Language-learning is a progression.

My understanding of (mother-tongue) language-learning is along the lines of a progression from hearing language spoken: listening -> speaking -> reading -> writing. Therefore, we will concentrate on reading to our children first of all, encouraging discussion on everything we read (actually, that seems to happen instinctively – the trick is not to discourage it). See also “narration” below.

LISTENING – Read-aloud literature

We do a lot of reading together, and I try to be discerning, concentrating on classic children’s literature and the most excellent quality modern literature. See “Recommendations for Literature” below. It’s also important to continue reading aloud once your children can read for themselves – even much older children can gain a lot from listening (and can often understand a lot more than they can read for themselves).

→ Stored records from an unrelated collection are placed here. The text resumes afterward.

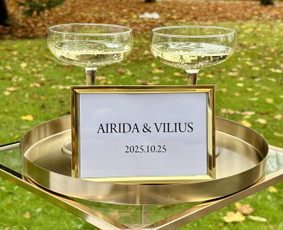 Įvairios paslaugos vestuvėms - Šampano staliukas jūsų šventei - 3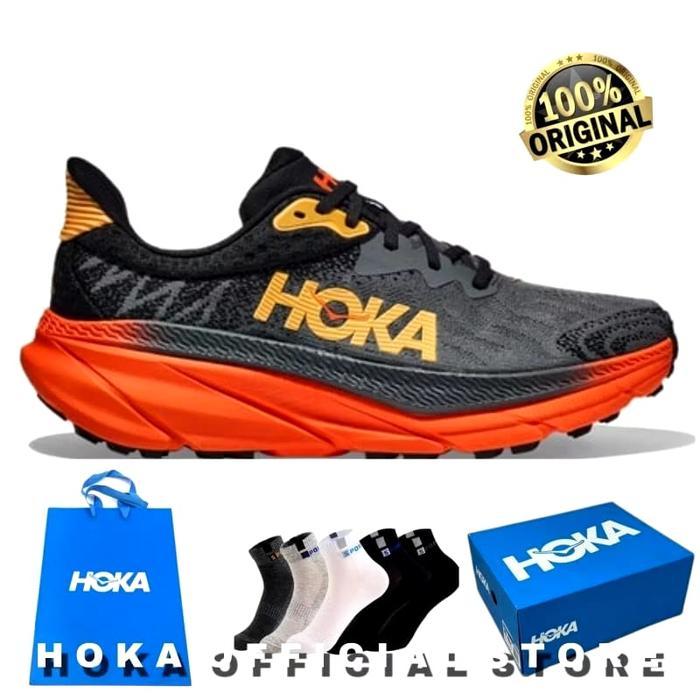 Hoka Challenger Atr 7 Castlerock / Flame / Free Paperbag / Original 100%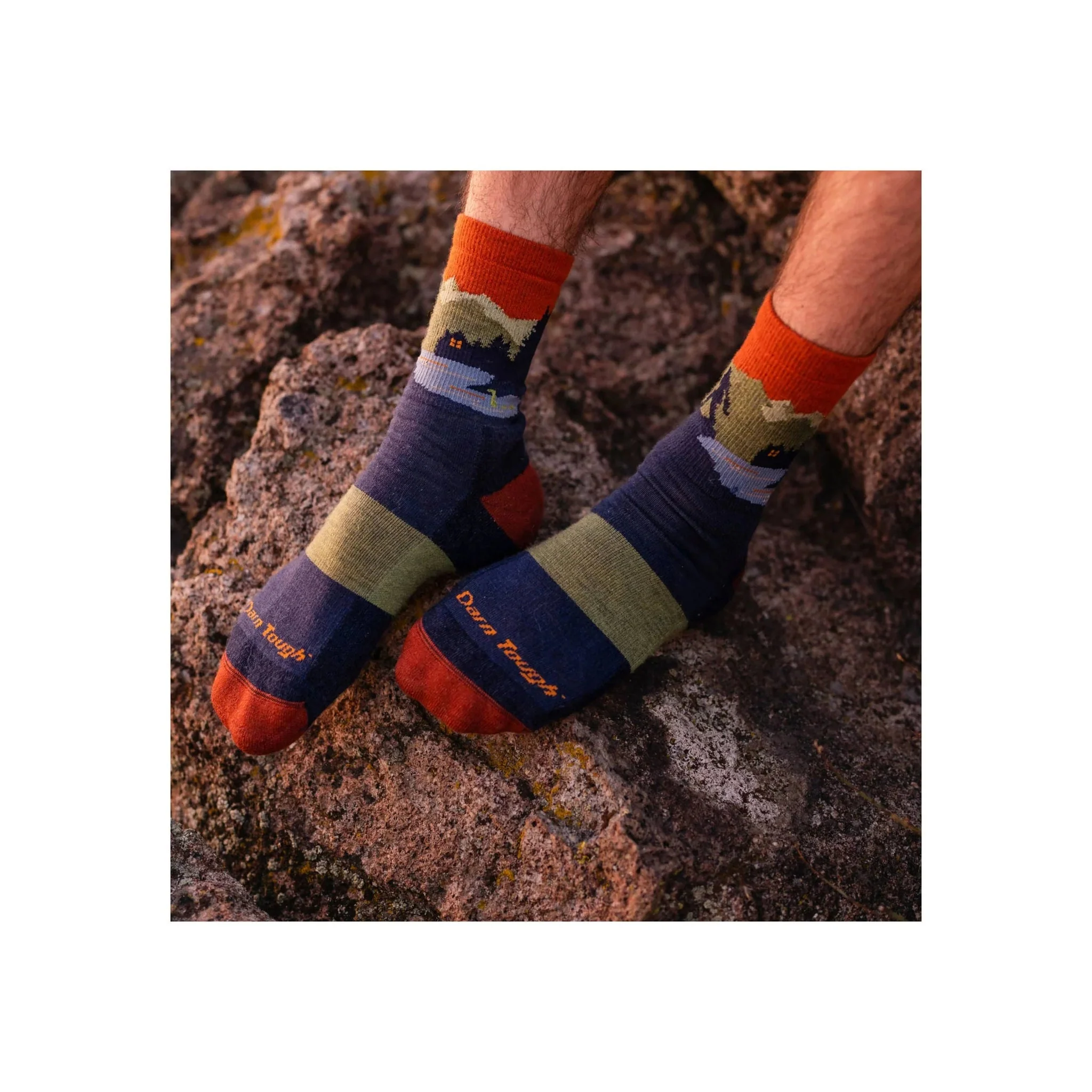 Darn Tough Vermont Men's Close Encounters Micro Crew Midweight Hiking Sock - Eclipse - Image 4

SPEAKING – Narration or Comprehension

We also encourage “narration”, a word that Charlotte Mason used to mean the children telling-back stories in their own words (similar to “comprehension” in schools, but it is oral rather than written). This practice is central to Charlotte Mason’s philosophy of education as it is said to encourage concentration and aid memory, with children never needing to “cram for exams” (short term information-gathering) as this method leads to long-term retention of knowledge. (Note: CM did not require narration until the age of 6).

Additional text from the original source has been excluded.